De otro lado, valga precisarle al apoderado que su aseveración de que no puede obligarse “a quien se siente razonadamente afectado en su independencia e imparcialidad a fungir como juez”, no aplica al presente asunto, pues está visto que ninguno de los Magistrados recusados efectuó manifestación en el sentido acabado de reseñar. Ahora, de la puntual cita que rememoró el recusante en su escrito (folio 29 CO 18) y que se halla contenida en la providencia calificatoria, no puede concluirse, como lo hace aquel, que allí los Magistrados recusados “ solidificaron la responsabilidad penal de quien investigaron”.

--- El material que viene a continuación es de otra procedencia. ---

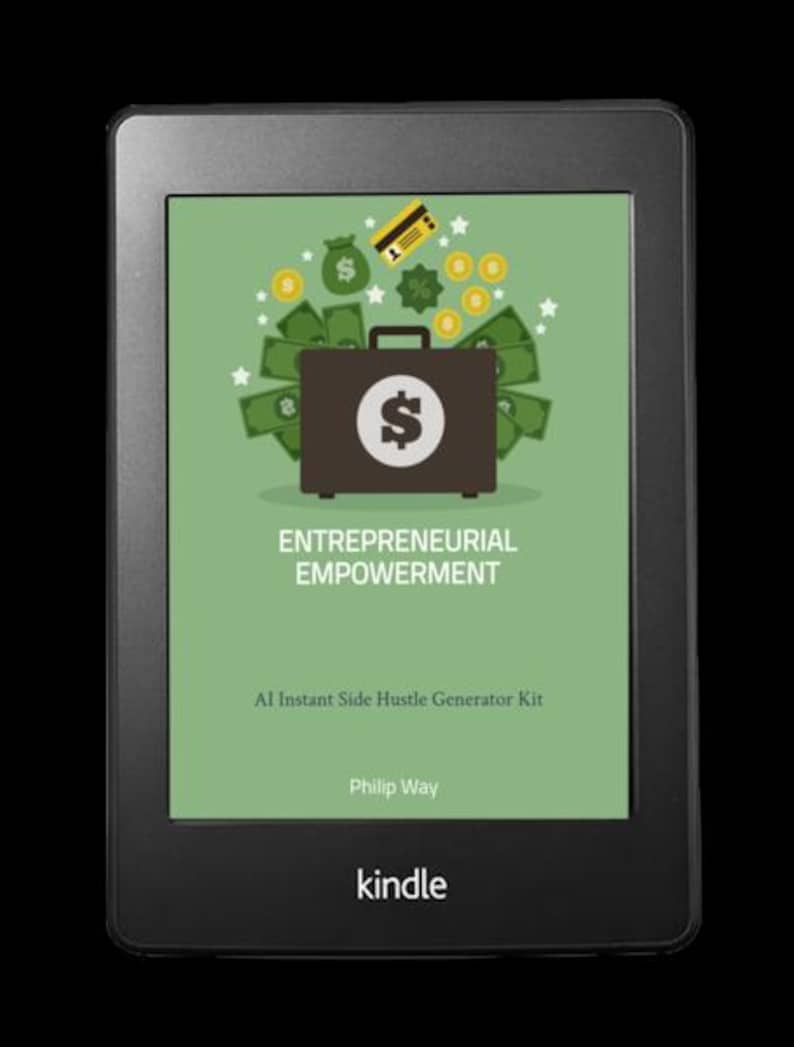May include: A black Kindle e-reader showing a graphic with a briefcase, money, and the text "ENTREPRENEURIAL EMPOWERMENT." The image also includes the text "AI Instant Side Hustle Generator Kit" and the author's name, Philip Way.
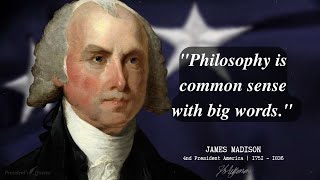 QUOTES JAMES MADISON | 4TH PRESIDENT OF UNITED STATES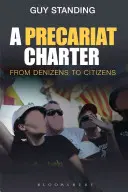Charta prekariátu: Od denismanov k občanom - A Precariat Charter: From Denizens to Citizens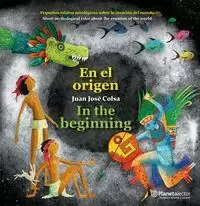 EN EL ORIGEN (IN THE BEGINNING) ED. BILINGÜE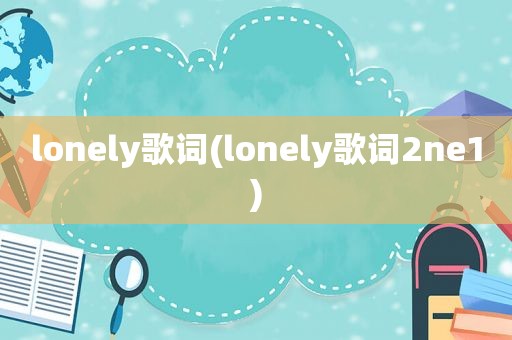 lonely歌词(lonely歌词2ne1)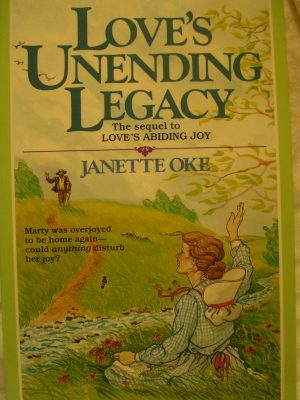 Love's Unending Legacy (Love Comes Softly Series #5) OKE, JANETTE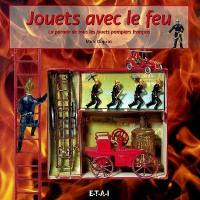 Jouets avec le feu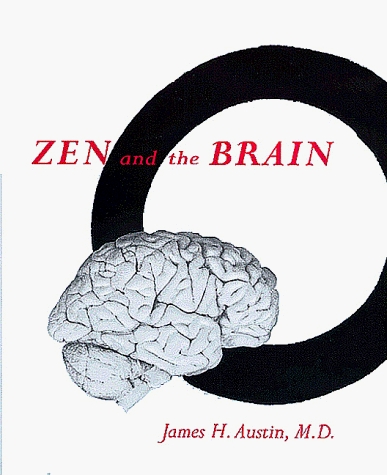 Book cover : Zen and the Brain : Toward an Understanding of Meditation and Consciousness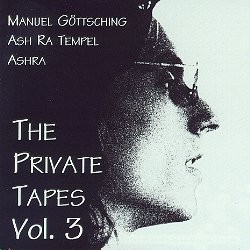The Private Tapes, Volume 3 by Manuel Göttsching  -   Ash Ra Tempel  -   Ashra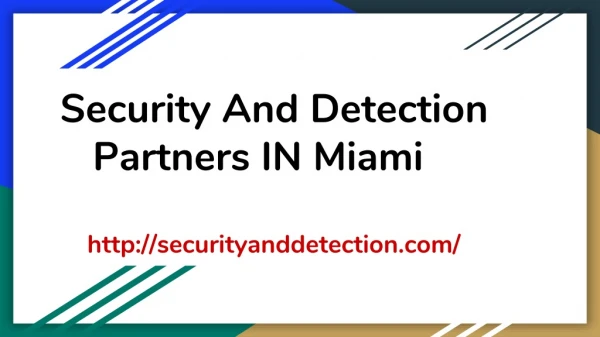 Security And Detection Partners In Miami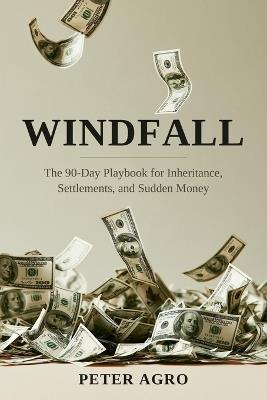 Windfall: The 90-Day Playbook for Inheritance, Settlements, and Sudden Money - Peter Agro - cover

La consolidación del reproche penal a que se alude en el texto se encuentra enmarcada dentro del estándar probatorio que exige el artículo 397 del C.P.P. para proferir resolución de acusación, amen de que cualquier análisis posterior que deba hacer la Corte está supeditado, además, a la eventual prueba novedosa que se aduzca o practique en la etapa de juicio y a los requisitos prescritos por la ley, según la especie de la decisión que habrá de emitirse.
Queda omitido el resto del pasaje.